The piping plover, listed as a threatened species, and the interior least tern, an endangered species, use sandy shore or sandbars for nests. Sandy areas were plentiful when Lakes Oahe and Sakakawea dropped by 30 feet or more during nine consecutive years of below-normal runoff.
But both Missouri River reservoirs are at normal levels this year after heavy snow in the Montana mountains melted and drained into them in April and May. The loss of nests on the reservoirs’ shores, combined with the destruction of nests below Gavins Point Dam at Yankton by rain and hail, could mean fewer plovers and terns will hatch this summer.
Lake Oahe, which extends 260 miles from Pierre to Garrison Dam near Riverdale in North Dakota, is 21 feet higher than a year ago. Lake Sakakawea, which stretches another 178 miles from the Garrison Dam to Montana, is 19 feet higher than last July.
Plovers and terns nest elsewhere, too, but areas along the Missouri River are designated as critical habitat. The Army Corps of Engineers is building sandbars for the birds and monitoring them along the Missouri River system from Sioux City, Iowa, to Fort Peck, Mont.
The plover population nationwide was estimated at 8,092 adults in 2006, the corps said. Least terns were estimated at about 85,500 in the U.S. in 2006, with 17,500 of them on interior rivers. Among those rivers, the Missouri River system had the most, with 908 adults.
It’s not known yet how many chicks will hatch this year, but there were fewer adult birds on Oahe and Sakakawea, said Greg Pavelka, wildlife biologist and manager of the corps’ plover and tern monitoring program.
The 2008 census counted 363 adult plovers on Sakakawea and 281 on Oahe. This year’s count was 85 on Sakakawea and 154 on Oahe.
Also last year, there were 14 least terns on Sakakawea and 111 on Oahe. This year’s survey counted 15 on Sakakawea and 71 on Oahe.

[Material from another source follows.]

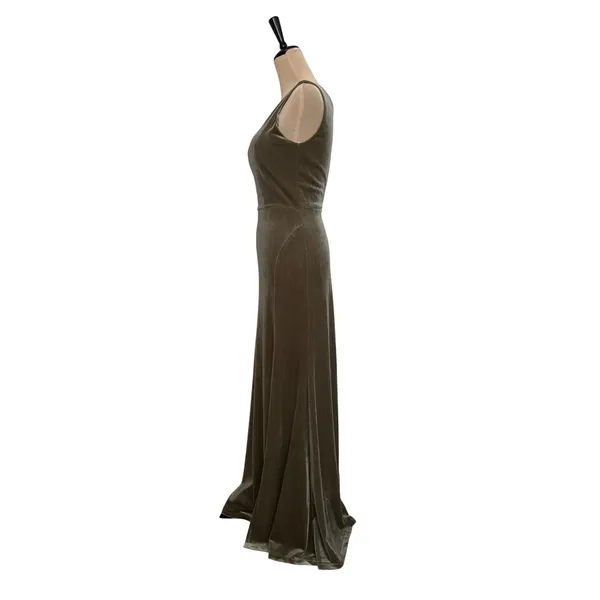 Jenny Yoo Collection Olive Green Velvet One Shoulder Maxi Gown Dress Size 4 - Image 2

The northernmost reservoir, Fort Peck in Montana, doesn’t attract many birds, Pavelka said.
There is some indication that plovers, which were forced off Lake Sakakawea by the rising water, renested on sandbars in the river between Garrison Dam and Lakes Oahe, he said.
The lower river system below Fort Randall Dam at Pickstown near the Nebraska border also had fewer terns, possibly because of higher water releases from the dam that eliminated shallow-water areas where the birds usually feed.
“Those shallow areas are now anywhere from 1 to 2 feet deeper with the higher releases,” Pavelka said.
“I do remain hopeful that we’re going to have good nest success and hopefully good chick success below Garrison and on the constructed sandbars, but it’s too early to tell,” he added.